# What is this scam?



## AtomicBlonde (Aug 26, 2018)

Last night I was talking to a Grubhub driver at a restaurant. I asked how he liked it. He said it was his 3rd day but it was decent so far. I mentioned that I had tried to sign up to give it a shot but they weren’t taking new drivers and asked if that had changed.

He brought up a phone number to give me. Call this guy, he said. He’ll get you all set up, you don’t have to do anything, you can be working tomorrow. And you keep 90% of the pay for each run.

This sounds shady af. It sounds like someone is working around Grubhub’s hiring freeze by sharing active accounts. The guy said he couldn’t get accepted for UberEats because he had just moved here, his registration was out of state, and he couldn’t yet afford a Nevada registration.

I didn’t call.
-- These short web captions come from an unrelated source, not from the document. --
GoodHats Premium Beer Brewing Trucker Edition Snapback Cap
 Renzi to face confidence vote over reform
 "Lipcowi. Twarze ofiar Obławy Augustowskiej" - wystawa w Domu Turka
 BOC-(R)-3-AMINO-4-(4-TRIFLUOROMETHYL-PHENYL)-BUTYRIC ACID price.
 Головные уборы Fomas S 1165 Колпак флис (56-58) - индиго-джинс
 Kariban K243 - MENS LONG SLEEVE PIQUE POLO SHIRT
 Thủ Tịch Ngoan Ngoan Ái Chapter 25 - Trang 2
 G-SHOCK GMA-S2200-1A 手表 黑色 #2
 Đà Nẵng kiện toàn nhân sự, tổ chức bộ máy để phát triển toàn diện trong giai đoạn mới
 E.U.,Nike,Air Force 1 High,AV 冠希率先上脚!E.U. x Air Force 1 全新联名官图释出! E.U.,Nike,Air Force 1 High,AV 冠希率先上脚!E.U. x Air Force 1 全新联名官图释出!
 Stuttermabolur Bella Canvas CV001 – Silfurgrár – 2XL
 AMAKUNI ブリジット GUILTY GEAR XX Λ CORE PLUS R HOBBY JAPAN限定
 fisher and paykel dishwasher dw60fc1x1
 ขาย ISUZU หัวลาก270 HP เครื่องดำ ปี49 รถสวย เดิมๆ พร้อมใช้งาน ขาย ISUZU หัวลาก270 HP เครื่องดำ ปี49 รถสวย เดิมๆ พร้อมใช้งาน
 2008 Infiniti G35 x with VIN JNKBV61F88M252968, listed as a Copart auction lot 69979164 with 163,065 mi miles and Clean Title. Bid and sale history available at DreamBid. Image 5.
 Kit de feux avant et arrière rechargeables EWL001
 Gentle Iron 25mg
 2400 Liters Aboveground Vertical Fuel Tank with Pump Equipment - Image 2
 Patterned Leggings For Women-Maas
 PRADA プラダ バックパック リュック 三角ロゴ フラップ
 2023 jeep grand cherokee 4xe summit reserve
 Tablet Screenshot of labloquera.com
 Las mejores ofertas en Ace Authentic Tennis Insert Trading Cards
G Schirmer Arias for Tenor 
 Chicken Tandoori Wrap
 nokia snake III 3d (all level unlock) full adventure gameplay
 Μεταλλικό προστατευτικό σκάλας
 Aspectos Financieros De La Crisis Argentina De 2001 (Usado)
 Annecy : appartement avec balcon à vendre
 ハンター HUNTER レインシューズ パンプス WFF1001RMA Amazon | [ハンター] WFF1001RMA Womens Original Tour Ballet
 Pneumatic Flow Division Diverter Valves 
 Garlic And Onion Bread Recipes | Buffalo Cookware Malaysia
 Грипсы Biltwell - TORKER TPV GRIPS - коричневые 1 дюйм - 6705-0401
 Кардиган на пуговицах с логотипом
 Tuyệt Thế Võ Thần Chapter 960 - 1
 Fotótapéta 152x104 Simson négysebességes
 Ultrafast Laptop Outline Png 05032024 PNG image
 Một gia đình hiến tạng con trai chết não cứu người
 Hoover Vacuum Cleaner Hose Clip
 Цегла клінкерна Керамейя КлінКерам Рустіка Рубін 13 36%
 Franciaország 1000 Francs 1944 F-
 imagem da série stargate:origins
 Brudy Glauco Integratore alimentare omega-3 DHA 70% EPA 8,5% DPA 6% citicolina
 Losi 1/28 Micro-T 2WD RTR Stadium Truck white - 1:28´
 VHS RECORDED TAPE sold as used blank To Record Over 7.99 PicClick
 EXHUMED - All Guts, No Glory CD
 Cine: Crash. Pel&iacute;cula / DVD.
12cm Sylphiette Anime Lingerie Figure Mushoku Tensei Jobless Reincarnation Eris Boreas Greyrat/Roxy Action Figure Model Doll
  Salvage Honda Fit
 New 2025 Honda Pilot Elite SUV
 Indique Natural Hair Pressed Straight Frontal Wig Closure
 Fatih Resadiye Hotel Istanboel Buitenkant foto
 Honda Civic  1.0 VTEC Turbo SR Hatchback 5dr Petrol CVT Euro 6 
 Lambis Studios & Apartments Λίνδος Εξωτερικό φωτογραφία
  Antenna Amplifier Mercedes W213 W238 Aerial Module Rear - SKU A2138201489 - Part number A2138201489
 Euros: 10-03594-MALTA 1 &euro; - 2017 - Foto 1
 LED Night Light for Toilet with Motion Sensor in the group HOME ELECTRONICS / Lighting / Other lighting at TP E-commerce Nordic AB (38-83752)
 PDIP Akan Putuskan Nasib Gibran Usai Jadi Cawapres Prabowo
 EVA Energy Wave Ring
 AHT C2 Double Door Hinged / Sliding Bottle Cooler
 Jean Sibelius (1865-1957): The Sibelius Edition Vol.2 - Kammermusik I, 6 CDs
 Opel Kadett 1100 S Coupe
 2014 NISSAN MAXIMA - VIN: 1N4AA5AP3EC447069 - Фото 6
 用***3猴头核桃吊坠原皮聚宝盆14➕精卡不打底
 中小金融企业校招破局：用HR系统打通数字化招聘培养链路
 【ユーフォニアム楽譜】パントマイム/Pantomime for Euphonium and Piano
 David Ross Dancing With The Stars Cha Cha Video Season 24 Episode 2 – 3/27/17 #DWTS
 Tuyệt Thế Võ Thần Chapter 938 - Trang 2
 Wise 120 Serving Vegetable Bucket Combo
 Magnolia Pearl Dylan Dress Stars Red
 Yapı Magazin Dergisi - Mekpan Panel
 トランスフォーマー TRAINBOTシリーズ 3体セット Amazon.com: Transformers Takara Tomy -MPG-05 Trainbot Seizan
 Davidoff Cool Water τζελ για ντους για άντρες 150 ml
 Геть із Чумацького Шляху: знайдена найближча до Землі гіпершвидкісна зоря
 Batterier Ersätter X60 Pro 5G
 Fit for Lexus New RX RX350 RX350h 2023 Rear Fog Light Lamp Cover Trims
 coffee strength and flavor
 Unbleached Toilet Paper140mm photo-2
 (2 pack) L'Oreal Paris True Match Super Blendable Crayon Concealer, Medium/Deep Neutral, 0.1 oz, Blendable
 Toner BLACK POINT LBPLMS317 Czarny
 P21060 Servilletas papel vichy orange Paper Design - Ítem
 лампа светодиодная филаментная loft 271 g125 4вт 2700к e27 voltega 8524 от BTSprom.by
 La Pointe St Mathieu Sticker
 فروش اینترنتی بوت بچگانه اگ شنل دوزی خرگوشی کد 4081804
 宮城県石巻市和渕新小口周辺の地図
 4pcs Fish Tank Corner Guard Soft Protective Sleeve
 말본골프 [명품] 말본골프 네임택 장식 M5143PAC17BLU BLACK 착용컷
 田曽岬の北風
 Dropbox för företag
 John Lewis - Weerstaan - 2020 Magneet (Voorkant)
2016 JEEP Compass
I only pretended to take down the number to get out of the conversation. No incentive to investigate abuse of an app I’m not even using.

Is this what it’s come to? People are taking a vig on what’s already a desperation job?


----------



## nighthawk398 (Jul 21, 2015)

Wow sounds like a gamble but since grubhub doesnt let you change the deposit method without an email probably safe for the guy running it


----------



## Invisible (Jun 15, 2018)

That is very shady. Too bad you didn’t take the number and report it to GH, even if you don’t do the app. Crap like this needs to be stopped. 

I know restaurants see the driver pics on the app because someone at a restaurant last year mentioned how my pic to me, so not sure how long this guy can pull this off.


----------



## Irishjohn831 (Aug 11, 2017)

Headhunters ?


----------